Man, he’s a good writer. This is an intense essay. And it really is sort of a lament about what have we lost. And one of things I love about this conversation, like Trevin is pointing out, is that if we don’t really pause and take a minute to understand or grieve what we’ve lost, then oftentimes it’s very difficult to diagnose why we feel the way we feel or why certain things are broken the way they’re broken. Because a lot of us were born at a time where we don’t have any memory of what it was like for us to live this incredibly integrated life, where we’re working the land, we’re working with our spouse, we’re working with our kids. And so we just feel like, it’s weird. Life just feels sort of purposeless. Or we have these feelings, a lot of them come because we’re actually designed, and especially as families, designed to live a very different kind of life.

And so this is a big part, of course, you guys, what we’re talking about here is trying to understand what have we lost. And one of the things that’s powerful about being a believer is instead of just sort of lamenting these things and going down the stream of culture, we can sort of, like it says in Jeremiah, stop, stand at the crossroads and look, ask for the ancient ways. We can actually take a minute and think about what we’ve lost and then consider whether or not as a family, we may want to try to restore or redeem some of those things. And that’s going to take a lot of creativity. And that’s a huge part what we’re doing here at Family Teams.

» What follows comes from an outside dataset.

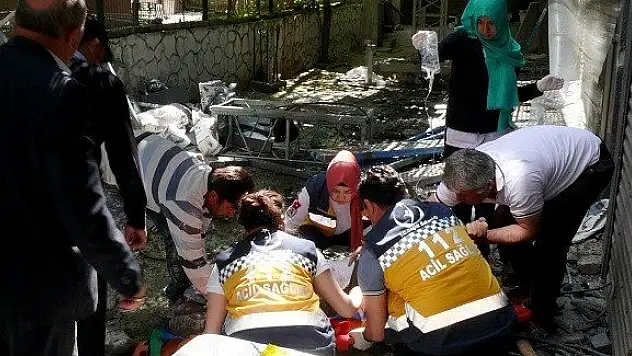 İnşaatın İskelesi Yıkıldı: 4 Yaralı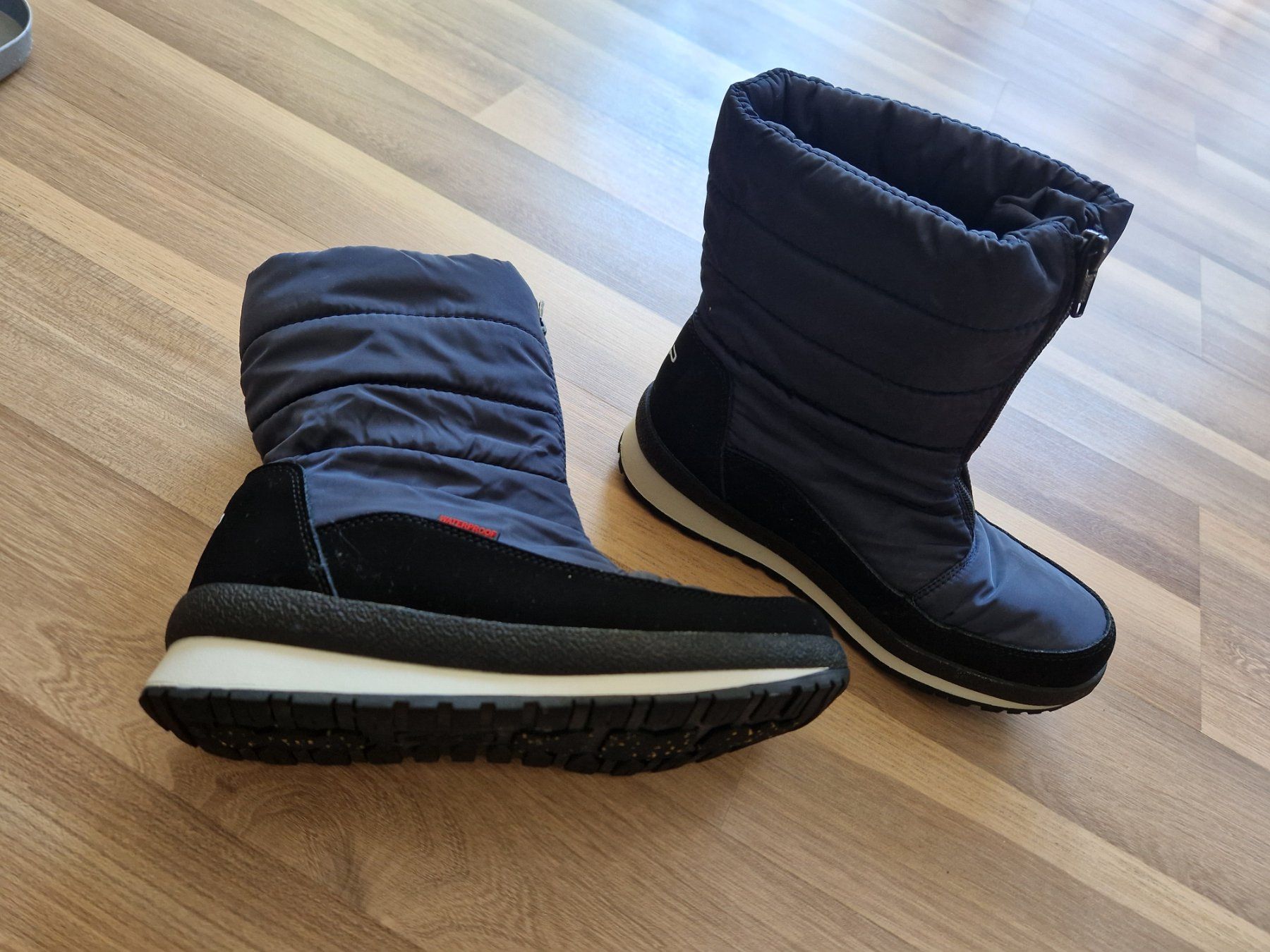 CMP Scarpe per ragazze: Skihandschuhe und Schneestiefel – Usato da Diessenhofen venduto da Lisa2003 6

But I’d found Trevin’s lament to be really on point and something I think we need to really think about a lot more instead of just having this endless conversation about who has to be in the home. Maybe we’ve lost something as dads that needs to be recaptured, but yeah. Jeff, what are your thoughts on that?

Jeff:
Yeah, I mean the only thing I would say too, that’s really helpful for me is because at some level, yeah, not many of us can really go back to the old way of life in the functional way it looked like with fields and farming and agriculture. And that’s where I love Wendell Berry, where he talks about this over and over and over and over again, this is his wheelhouse, but he also is very specific sometimes to say that also let’s remind ourselves that agrarian and industrial, the two kind of paths, are also spirits at some level, meaning kind of ways of thinking, not just ways of working. And so he says like, you can have an agrarian spirit and an industrial job and you can industrialize in an agrarian job as well, just like industrialized farming. Right?

Jeremy:
Right.

Jeff:
And so I just think that’s just a good reminder for everyone that it’s less about saying like, “Oh, I need to go buy a farm.” Even though sometimes that might be true or might need to go to land. That might be true. But bringing that agrarian spirit to whatever your more industrialized job might be. And I think that just usually means, like Jeremy said, integration. Right? And it means making home and work a little bit more unified where they touch each other, where there’s partnership, where there’s team. And to me, that really makes a big difference. And so I would say, ask yourself that question today and chew on that for today.